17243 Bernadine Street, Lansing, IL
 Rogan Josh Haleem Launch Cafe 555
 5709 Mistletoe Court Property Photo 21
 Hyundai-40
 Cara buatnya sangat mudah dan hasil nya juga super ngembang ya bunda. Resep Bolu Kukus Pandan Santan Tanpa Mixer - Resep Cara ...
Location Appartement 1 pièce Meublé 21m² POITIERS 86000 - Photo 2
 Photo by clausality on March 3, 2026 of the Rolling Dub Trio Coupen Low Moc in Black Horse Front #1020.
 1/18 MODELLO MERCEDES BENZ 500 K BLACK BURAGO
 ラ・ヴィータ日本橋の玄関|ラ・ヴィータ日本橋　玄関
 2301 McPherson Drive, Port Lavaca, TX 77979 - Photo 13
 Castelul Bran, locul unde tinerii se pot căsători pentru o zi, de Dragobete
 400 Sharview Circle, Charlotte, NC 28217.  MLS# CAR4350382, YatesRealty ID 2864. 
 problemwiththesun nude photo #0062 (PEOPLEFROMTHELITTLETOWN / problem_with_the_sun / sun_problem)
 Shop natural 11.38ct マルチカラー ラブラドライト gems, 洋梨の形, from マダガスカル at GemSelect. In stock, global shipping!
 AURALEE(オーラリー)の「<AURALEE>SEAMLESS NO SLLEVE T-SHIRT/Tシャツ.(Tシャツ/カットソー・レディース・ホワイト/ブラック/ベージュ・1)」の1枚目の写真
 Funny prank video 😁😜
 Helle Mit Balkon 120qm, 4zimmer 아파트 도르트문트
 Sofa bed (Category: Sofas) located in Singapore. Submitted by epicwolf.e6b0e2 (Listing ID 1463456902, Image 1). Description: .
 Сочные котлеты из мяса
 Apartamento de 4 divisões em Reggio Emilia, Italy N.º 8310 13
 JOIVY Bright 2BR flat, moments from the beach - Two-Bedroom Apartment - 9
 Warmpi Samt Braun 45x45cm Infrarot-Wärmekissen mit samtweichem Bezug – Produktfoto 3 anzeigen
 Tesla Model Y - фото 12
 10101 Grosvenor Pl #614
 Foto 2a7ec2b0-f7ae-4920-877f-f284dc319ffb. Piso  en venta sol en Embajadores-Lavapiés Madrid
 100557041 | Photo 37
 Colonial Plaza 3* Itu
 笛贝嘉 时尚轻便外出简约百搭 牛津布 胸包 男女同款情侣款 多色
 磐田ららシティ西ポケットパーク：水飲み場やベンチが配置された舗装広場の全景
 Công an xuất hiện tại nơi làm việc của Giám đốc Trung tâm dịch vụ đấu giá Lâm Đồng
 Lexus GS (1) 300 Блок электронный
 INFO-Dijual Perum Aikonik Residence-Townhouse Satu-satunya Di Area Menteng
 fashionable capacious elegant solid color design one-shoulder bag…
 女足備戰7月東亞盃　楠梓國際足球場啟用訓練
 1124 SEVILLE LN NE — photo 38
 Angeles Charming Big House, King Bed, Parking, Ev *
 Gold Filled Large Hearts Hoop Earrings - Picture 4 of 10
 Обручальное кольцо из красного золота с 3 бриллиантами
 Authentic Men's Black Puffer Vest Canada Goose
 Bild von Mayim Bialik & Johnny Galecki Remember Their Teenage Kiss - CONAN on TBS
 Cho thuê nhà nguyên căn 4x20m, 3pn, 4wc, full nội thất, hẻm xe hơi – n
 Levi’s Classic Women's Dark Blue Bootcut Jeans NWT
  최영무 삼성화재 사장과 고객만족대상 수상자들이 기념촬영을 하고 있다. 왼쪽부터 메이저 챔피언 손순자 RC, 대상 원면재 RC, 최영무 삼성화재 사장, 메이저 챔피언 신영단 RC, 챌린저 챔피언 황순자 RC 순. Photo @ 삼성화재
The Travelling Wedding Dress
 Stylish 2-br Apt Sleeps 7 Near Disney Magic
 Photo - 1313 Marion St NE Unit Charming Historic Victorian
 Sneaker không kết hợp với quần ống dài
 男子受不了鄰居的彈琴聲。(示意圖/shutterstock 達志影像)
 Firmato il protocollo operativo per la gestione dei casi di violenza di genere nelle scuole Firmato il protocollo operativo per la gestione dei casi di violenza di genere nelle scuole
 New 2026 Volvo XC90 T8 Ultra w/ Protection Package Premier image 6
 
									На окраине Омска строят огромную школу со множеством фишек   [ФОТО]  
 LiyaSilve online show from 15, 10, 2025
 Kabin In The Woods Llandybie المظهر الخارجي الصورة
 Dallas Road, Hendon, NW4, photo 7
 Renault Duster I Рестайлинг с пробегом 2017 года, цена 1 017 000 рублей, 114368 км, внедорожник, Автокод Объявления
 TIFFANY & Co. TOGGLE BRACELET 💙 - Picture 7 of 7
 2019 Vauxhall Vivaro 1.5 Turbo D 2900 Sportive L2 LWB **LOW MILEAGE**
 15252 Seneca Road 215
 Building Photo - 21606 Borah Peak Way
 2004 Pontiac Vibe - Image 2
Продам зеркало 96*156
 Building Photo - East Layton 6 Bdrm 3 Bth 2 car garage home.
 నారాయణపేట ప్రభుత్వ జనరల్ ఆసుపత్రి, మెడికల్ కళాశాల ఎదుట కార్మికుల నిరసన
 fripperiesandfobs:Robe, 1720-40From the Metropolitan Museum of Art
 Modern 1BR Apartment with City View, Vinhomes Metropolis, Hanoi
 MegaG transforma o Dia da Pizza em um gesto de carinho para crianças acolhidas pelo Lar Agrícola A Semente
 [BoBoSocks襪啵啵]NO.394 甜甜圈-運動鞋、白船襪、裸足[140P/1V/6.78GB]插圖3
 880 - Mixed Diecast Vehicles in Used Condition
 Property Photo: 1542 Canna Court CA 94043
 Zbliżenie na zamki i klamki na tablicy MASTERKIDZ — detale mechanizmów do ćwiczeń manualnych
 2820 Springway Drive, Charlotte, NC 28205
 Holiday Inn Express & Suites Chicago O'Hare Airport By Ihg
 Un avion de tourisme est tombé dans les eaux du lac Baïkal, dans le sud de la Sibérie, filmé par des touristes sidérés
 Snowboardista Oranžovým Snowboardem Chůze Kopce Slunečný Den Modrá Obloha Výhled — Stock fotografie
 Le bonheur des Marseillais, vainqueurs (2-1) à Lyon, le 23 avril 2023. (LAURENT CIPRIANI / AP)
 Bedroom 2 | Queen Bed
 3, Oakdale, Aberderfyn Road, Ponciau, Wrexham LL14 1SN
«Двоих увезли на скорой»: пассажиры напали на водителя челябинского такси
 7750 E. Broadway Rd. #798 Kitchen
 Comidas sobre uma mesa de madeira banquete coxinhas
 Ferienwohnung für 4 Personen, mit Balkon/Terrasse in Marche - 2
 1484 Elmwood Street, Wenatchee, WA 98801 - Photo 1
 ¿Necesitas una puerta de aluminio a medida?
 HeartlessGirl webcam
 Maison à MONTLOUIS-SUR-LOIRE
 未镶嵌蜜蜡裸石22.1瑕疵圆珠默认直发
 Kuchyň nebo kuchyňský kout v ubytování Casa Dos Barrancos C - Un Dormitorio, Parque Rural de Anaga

::::::::::

■ **TASK PROMPT**
Copy out the lines above exactly, beginning at the one that contains "На окраине Омска" and ending at the one that contains "2820 Springway Drive, Charlotte, NC 28205".

■ **TASK OUTPUT**
									На окраине Омска строят огромную школу со множеством фишек   [ФОТО]  
 LiyaSilve online show from 15, 10, 2025
 Kabin In The Woods Llandybie المظهر الخارجي الصورة
 Dallas Road, Hendon, NW4, photo 7
 Renault Duster I Рестайлинг с пробегом 2017 года, цена 1 017 000 рублей, 114368 км, внедорожник, Автокод Объявления
 TIFFANY & Co. TOGGLE BRACELET 💙 - Picture 7 of 7
 2019 Vauxhall Vivaro 1.5 Turbo D 2900 Sportive L2 LWB **LOW MILEAGE**
 15252 Seneca Road 215
 Building Photo - 21606 Borah Peak Way
 2004 Pontiac Vibe - Image 2
Продам зеркало 96*156
 Building Photo - East Layton 6 Bdrm 3 Bth 2 car garage home.
 నారాయణపేట ప్రభుత్వ జనరల్ ఆసుపత్రి, మెడికల్ కళాశాల ఎదుట కార్మికుల నిరసన
 fripperiesandfobs:Robe, 1720-40From the Metropolitan Museum of Art
 Modern 1BR Apartment with City View, Vinhomes Metropolis, Hanoi
 MegaG transforma o Dia da Pizza em um gesto de carinho para crianças acolhidas pelo Lar Agrícola A Semente
 [BoBoSocks襪啵啵]NO.394 甜甜圈-運動鞋、白船襪、裸足[140P/1V/6.78GB]插圖3
 880 - Mixed Diecast Vehicles in Used Condition
 Property Photo: 1542 Canna Court CA 94043
 Zbliżenie na zamki i klamki na tablicy MASTERKIDZ — detale mechanizmów do ćwiczeń manualnych
 2820 Springway Drive, Charlotte, NC 28205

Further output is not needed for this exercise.